Opéras Tristan sans Isolde à Paris
Opéras

Tristan sans Isolde à Paris

03/02/2023
© Opéra National de Paris/Elisa Haberer

Opéra Bastille, 29 janvier

On aime ou on n’aime pas cette production, dans laquelle certains reprochent à la vidéo de vampiriser la mise en scène. Personnellement, pour cette cinquième reprise à l’Opéra Bastille (voir, en dernier lieu, O. M. n° 144 p. 52 de novembre 2018), elle nous a captivé avec la même intensité, ou presque, qu’à sa création, en 2005. Et, une fois encore, nous avons été bluffé par la manière dont Peter Sellars fait, à chaque fois, évoluer sa direction d’acteurs, en fonction de ses interprètes – en l’occurrence, il a entièrement modifié la fin de l’acte II, à partir de l’entrée de Marke.

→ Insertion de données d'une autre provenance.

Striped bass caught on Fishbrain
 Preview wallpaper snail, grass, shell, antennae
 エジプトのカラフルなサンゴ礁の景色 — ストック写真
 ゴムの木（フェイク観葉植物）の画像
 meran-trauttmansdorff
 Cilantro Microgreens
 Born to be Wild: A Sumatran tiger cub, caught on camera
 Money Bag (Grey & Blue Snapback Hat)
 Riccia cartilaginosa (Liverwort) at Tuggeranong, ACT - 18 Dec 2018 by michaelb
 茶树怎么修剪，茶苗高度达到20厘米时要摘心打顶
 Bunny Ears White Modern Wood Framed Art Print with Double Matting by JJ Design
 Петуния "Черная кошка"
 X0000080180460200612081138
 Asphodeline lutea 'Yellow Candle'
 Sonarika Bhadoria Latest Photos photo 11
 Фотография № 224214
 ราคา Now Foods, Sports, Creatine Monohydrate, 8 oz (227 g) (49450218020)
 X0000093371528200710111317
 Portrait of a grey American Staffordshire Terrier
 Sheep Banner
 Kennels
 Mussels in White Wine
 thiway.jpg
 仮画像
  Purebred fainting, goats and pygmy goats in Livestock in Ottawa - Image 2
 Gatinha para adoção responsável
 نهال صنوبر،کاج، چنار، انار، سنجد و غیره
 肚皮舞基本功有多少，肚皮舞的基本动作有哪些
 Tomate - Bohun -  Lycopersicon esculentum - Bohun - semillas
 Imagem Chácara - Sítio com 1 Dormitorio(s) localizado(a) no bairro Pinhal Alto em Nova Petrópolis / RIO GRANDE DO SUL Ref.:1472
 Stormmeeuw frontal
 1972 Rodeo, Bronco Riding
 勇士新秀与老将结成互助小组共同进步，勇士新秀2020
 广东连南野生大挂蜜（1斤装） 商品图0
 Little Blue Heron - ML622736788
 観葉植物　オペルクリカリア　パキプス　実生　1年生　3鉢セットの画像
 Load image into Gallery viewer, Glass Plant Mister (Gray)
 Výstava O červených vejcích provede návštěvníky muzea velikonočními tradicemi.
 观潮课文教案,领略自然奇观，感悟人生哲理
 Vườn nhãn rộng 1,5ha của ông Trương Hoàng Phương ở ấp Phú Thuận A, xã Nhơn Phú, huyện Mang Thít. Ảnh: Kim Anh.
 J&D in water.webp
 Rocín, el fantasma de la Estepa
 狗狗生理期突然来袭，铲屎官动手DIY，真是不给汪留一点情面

Presque, disions-nous, parce que le couple central est, sans doute, le moins convaincant réuni depuis 2005. Passe encore pour le ténor suédois Michael Weinius, remplaçant Gwyn Hughes Jones pour toute la série de représentations, Tristan aussi honnête et endurant que dépourvu du moindre charisme, vocal ou scénique. Mais que vient faire Mary Elizabeth Williams en Isolde ?

Huée le soir de la première, mais chaleureusement applaudie en cette matinée du 29 janvier, la soprano américaine n’est à la hauteur des exigences du rôle et du lieu que dans la nuance piano. Dès qu’il faut un tant soit peu donner de la voix, l’aigu se transforme en cri, avec des résultats catastrophiques dans les « Imprécations » du I ou les retrouvailles avec Tristan, au II. D’autant que la couleur du timbre, vraiment peu agréable, prive le chant de tout charme, handicap aggravé par une tendance à surjouer la colère, au point de réduire Isolde à une virago.

Le contraste est frappant avec la magnifique Brangäne d’Okka von der Damerau, qui l’aurait très avantageusement remplacée. La mezzo-contralto allemande a parfaitement réussi sa reconversion en soprano et, après Brünnhilde (Die Walküre), qui figure déjà à son répertoire, rien ne s’oppose, a priori, à ce qu’elle aborde Isolde. Elle en a la couleur, la puissance, l’opulence dans le médium et le grave, la facilité et le rayonnement dans l’aigu.

Remarquable également, le Kurwenal de Ryan Speedo Green, étoile montante du chant américain, d’une autorité et d’une santé vocale impressionnantes. On ne peut en dire autant de son compatriote Eric Owens, dont l’instrument commence à bouger, mais qui émeut dans le monologue de Marke.

Très attendu pour son premier Wagner complet à l’Opéra National de Paris, dont il est le directeur musical, Gustavo Dudamel met du temps à faire monter la température et le I se traîne un peu. Les choses s’arrangent à partir du duo d’amour, pour parvenir à une « Mort d’Isolde » idéalement enivrante et extatique. L’orchestre sonne, de surcroît, de bout en bout somptueux, le chef vénézuélien saisissant la moindre occasion de mettre en valeur la finesse des détails instrumentaux.